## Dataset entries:

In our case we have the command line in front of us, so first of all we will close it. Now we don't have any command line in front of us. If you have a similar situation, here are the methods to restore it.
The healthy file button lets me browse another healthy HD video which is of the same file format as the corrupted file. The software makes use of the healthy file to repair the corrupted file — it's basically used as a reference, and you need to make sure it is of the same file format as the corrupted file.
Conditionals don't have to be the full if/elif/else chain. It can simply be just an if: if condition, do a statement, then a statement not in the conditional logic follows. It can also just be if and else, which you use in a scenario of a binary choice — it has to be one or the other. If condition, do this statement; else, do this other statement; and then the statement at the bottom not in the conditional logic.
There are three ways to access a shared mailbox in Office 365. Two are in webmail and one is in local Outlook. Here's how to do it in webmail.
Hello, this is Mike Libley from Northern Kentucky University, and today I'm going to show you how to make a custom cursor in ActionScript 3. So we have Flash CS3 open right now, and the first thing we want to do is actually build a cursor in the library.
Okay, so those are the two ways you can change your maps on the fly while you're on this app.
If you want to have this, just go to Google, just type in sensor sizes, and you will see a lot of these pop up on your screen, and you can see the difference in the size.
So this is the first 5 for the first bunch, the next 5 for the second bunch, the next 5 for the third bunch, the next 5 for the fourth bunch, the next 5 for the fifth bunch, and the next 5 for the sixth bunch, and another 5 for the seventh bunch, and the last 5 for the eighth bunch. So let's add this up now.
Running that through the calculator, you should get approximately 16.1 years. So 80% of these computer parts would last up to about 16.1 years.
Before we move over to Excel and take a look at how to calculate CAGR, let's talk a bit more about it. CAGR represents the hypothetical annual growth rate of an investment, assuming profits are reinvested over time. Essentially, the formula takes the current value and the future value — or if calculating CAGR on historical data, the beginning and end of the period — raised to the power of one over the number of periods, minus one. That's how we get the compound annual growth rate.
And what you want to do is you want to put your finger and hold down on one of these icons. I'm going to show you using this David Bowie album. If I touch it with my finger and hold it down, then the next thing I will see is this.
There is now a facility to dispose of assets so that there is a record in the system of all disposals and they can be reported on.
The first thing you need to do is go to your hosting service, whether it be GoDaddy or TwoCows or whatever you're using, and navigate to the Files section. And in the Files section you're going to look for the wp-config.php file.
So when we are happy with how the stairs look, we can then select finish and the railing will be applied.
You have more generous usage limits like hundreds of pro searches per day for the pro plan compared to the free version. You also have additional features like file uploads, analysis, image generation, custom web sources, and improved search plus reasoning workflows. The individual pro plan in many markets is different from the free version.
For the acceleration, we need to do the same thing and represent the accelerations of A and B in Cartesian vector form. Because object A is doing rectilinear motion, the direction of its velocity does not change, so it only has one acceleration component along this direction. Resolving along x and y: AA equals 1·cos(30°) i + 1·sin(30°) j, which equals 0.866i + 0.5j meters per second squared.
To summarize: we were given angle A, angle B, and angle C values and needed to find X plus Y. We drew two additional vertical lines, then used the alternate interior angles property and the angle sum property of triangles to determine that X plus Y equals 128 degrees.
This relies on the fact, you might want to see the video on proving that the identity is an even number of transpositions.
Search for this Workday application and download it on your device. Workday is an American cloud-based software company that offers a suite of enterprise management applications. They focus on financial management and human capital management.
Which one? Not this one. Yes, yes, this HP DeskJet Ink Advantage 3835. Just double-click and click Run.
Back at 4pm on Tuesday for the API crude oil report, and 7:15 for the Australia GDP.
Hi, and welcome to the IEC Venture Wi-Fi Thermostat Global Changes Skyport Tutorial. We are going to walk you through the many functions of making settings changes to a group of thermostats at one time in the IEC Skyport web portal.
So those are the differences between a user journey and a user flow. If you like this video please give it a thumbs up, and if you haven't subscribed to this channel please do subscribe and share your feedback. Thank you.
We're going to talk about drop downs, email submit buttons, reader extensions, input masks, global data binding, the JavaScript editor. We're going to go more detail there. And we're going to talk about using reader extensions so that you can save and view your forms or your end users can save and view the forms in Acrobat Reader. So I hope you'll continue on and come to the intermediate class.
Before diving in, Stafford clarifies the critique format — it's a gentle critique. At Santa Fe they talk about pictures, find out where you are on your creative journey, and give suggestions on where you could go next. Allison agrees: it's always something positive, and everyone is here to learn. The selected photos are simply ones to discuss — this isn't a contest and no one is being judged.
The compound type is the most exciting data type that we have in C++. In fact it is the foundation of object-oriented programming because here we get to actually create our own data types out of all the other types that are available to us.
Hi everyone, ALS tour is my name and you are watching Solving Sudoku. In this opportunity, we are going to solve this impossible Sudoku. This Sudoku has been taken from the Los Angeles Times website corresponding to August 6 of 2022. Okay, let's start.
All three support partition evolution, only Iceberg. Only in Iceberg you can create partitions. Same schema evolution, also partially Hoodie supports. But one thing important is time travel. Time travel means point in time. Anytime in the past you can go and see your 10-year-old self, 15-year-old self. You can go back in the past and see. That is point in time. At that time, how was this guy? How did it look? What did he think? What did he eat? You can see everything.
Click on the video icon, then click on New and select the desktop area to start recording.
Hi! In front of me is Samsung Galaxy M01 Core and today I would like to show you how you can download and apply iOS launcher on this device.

## EXERCISE AIM:
Only the lines from the one that contains "We're going to talk about drop" to the end of the data should be output, exactly as they appear.

## SOLUTION BELOW:
We're going to talk about drop downs, email submit buttons, reader extensions, input masks, global data binding, the JavaScript editor. We're going to go more detail there. And we're going to talk about using reader extensions so that you can save and view your forms or your end users can save and view the forms in Acrobat Reader. So I hope you'll continue on and come to the intermediate class.
Before diving in, Stafford clarifies the critique format — it's a gentle critique. At Santa Fe they talk about pictures, find out where you are on your creative journey, and give suggestions on where you could go next. Allison agrees: it's always something positive, and everyone is here to learn. The selected photos are simply ones to discuss — this isn't a contest and no one is being judged.
The compound type is the most exciting data type that we have in C++. In fact it is the foundation of object-oriented programming because here we get to actually create our own data types out of all the other types that are available to us.
Hi everyone, ALS tour is my name and you are watching Solving Sudoku. In this opportunity, we are going to solve this impossible Sudoku. This Sudoku has been taken from the Los Angeles Times website corresponding to August 6 of 2022. Okay, let's start.
All three support partition evolution, only Iceberg. Only in Iceberg you can create partitions. Same schema evolution, also partially Hoodie supports. But one thing important is time travel. Time travel means point in time. Anytime in the past you can go and see your 10-year-old self, 15-year-old self. You can go back in the past and see. That is point in time. At that time, how was this guy? How did it look? What did he think? What did he eat? You can see everything.
Click on the video icon, then click on New and select the desktop area to start recording.
Hi! In front of me is Samsung Galaxy M01 Core and today I would like to show you how you can download and apply iOS launcher on this device.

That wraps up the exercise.